### WORK TASK
In the entries below, begin at the line with "Fig. 9. [Doigt" and stop after the line with "Anti Wrinkle Injections Dentalimplantindia"; output those lines exactly and omit the pictures.

### THE INPUT
Segment Open

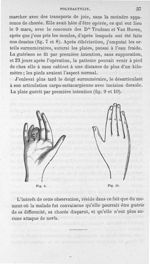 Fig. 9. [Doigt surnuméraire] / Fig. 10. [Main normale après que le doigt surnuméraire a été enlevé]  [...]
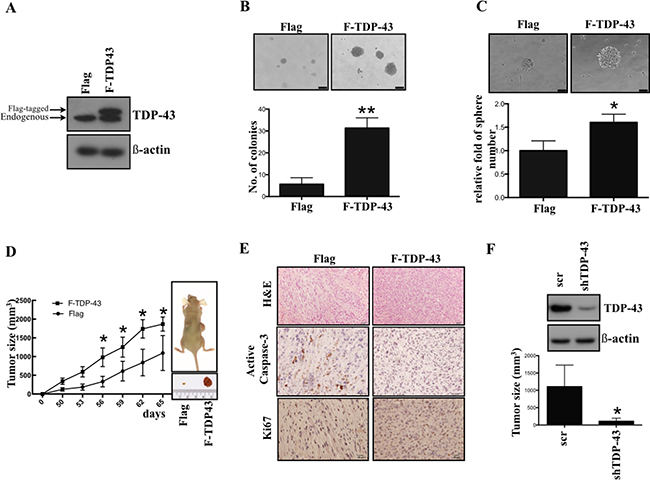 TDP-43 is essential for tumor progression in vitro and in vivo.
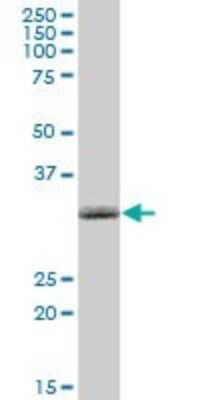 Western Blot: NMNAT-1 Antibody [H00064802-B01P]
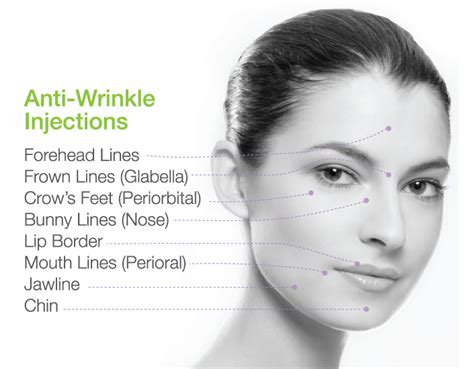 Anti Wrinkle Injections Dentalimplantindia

Segment Closed
Segment Open

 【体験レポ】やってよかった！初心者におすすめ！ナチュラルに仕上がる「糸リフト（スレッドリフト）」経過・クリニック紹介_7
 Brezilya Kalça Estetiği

Segment Closed

### ANSWER TO THIS TASK
 Fig. 9. [Doigt surnuméraire] / Fig. 10. [Main normale après que le doigt surnuméraire a été enlevé]  [...]
 TDP-43 is essential for tumor progression in vitro and in vivo.
 Western Blot: NMNAT-1 Antibody [H00064802-B01P]
 Anti Wrinkle Injections Dentalimplantindia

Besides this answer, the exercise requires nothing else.